Smoking tobacco increases the dysplasia and cancer risk if you have Barrett's esophagus, so you should stop smoking. Smoking also greatly increases the risk of another type of esophageal cancer, squamous cell carcinoma, which occurs in patients who do not have Barrett's esophagus.

There is some evidence that the permanent use of medications for gastroesophageal reflux disease (GERD) decreases the risk of dysplasia and cancer in Barrett's esophagus patients. Therefore, if you are not already on such medications for your gastroesophageal reflux disease, your doctor may prescribe them because of the Barrett's esophagus.

If you develop new symptoms such as difficulty swallowing, chest pain, worsening gastroesophageal reflux (GERD) symptoms, weight loss, or black stools, you should see your doctor as soon as possible.

How can the abnormal Barrett's lining be eliminated?

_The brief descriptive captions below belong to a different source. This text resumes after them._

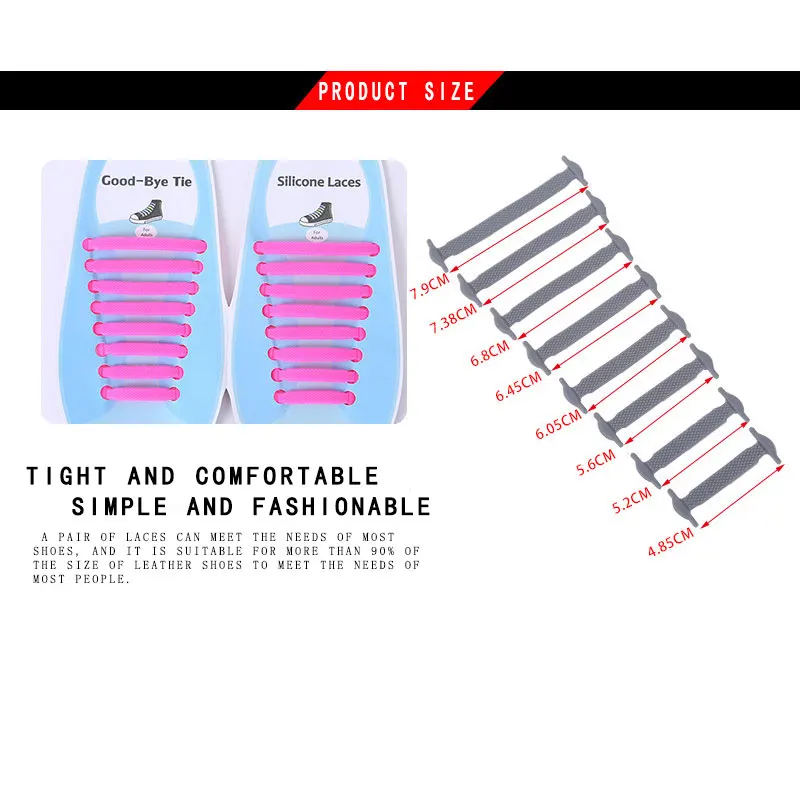 16Pcs/Set Silicone Shoe Laces Fashion Boy Girl Women Elastic No Tie Shoelace All Sneakers Fit Strap Shoelaces
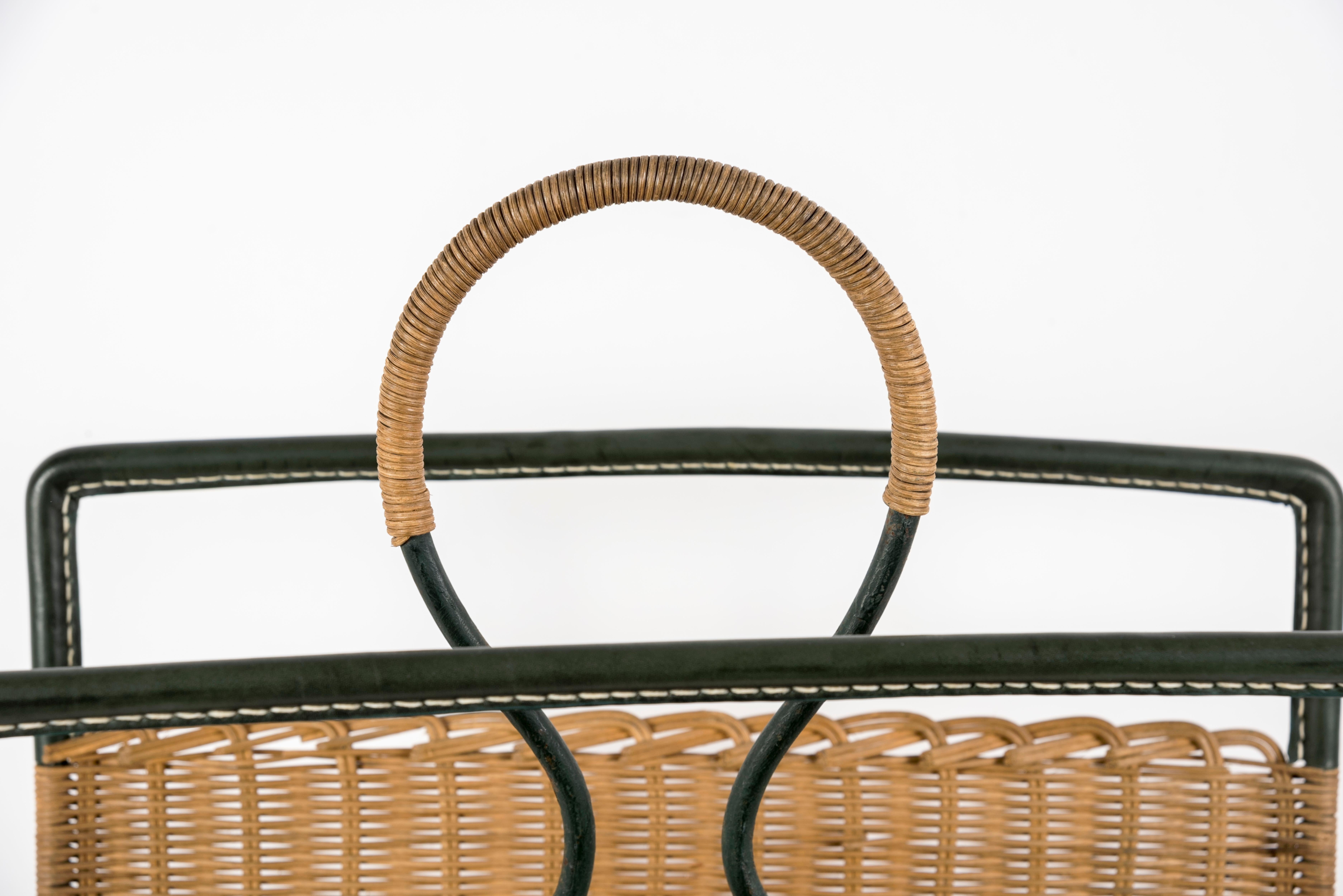 Mid-20th Century 1950s Rattan and Stitched Leather Magazine Rack by Jacques Adnet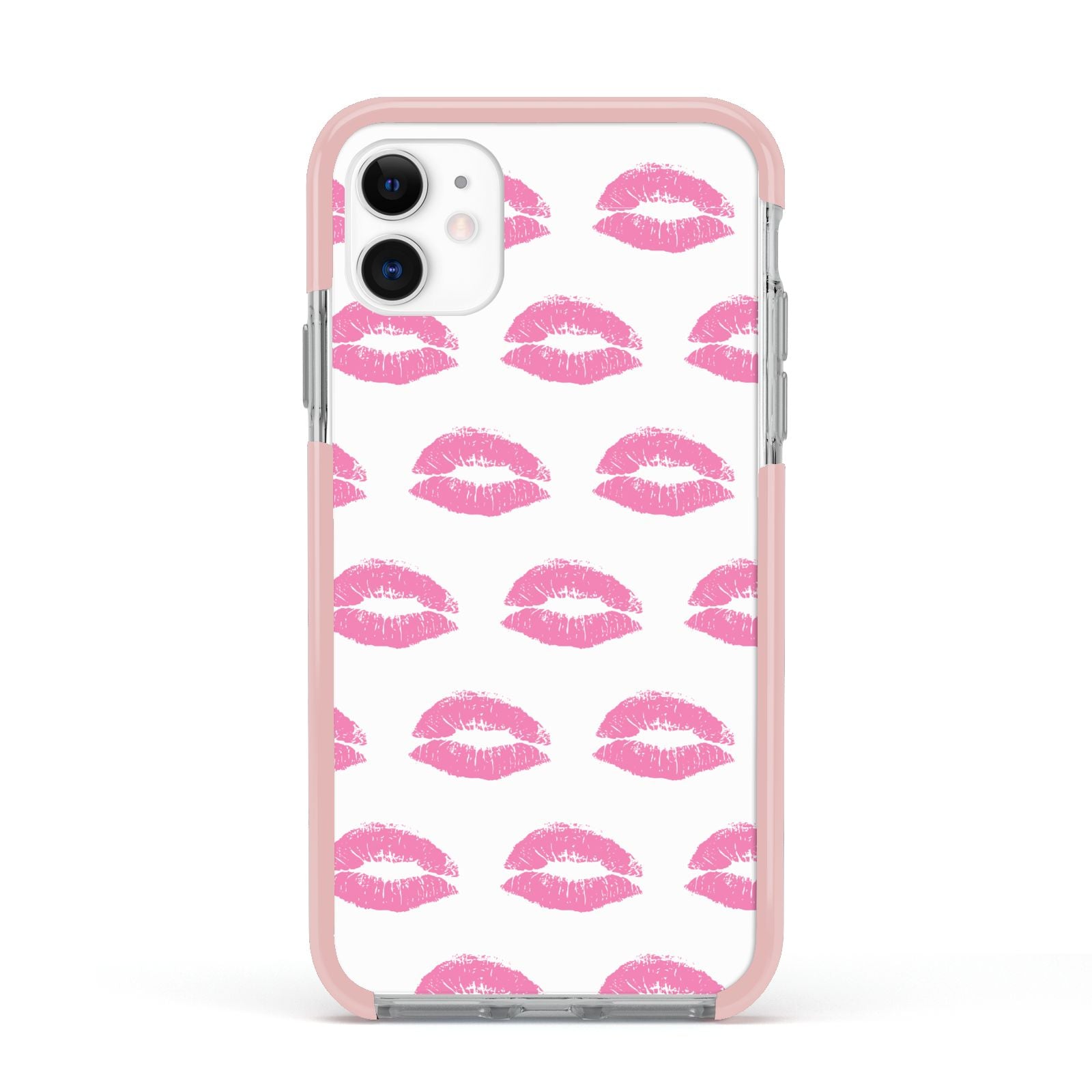 Valentines Pink Kisses Lips Apple iPhone 11 in White with Pink Impact Case
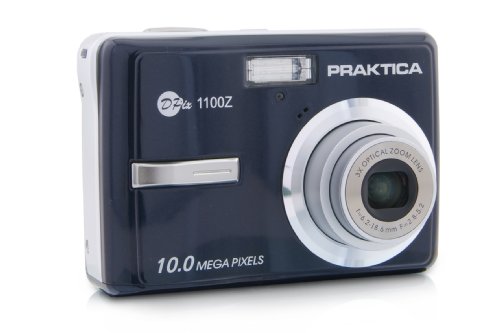Praktica DPix 1100Z Digitalkamera (10 Megapixel, 3-fach opt. Zoom, 6,4 cm (2,5 Zoll) Display, Tasche) dunkelblau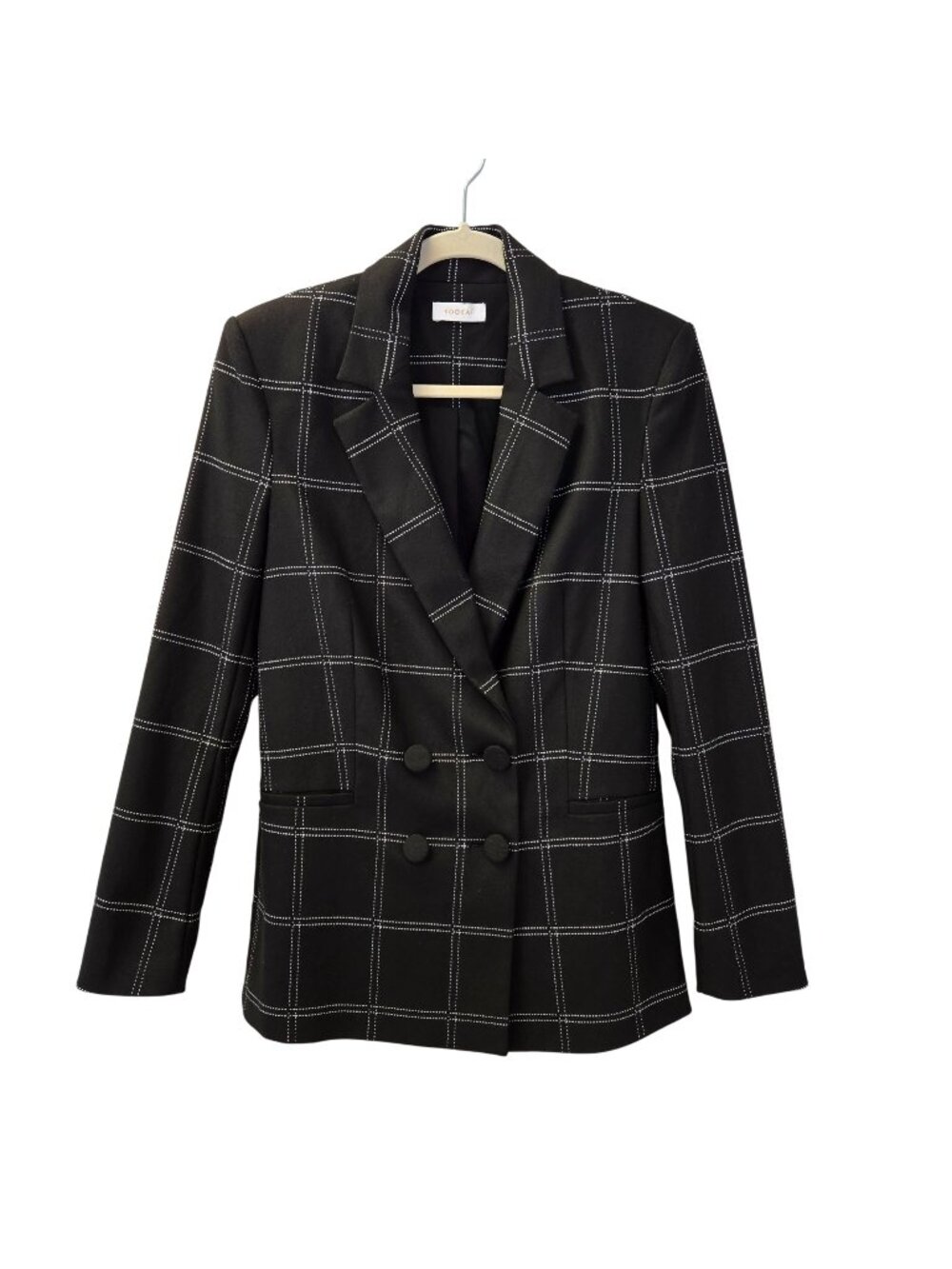 Kookai Plaid Double Breasted Blazer Jacket Size EU 38/US Small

Elimination of the Barrett's esophagus is only necessary if dysplasia is found to be present and is confirmed by a specialized pathologist. Endoscopic treatments to destroy the Barrett's tissue include radiofrequency ablation (Barrx), argon plasma coagulation, multipolar coagulation, cryotherapy, photodynamic therapy using light and special injected medications, and endoscopic mucosal resection. Major surgery (removal of the esophagus) can also be done.

Barrett's esophagus cannot be eliminated by any medications or even anti-reflux surgery.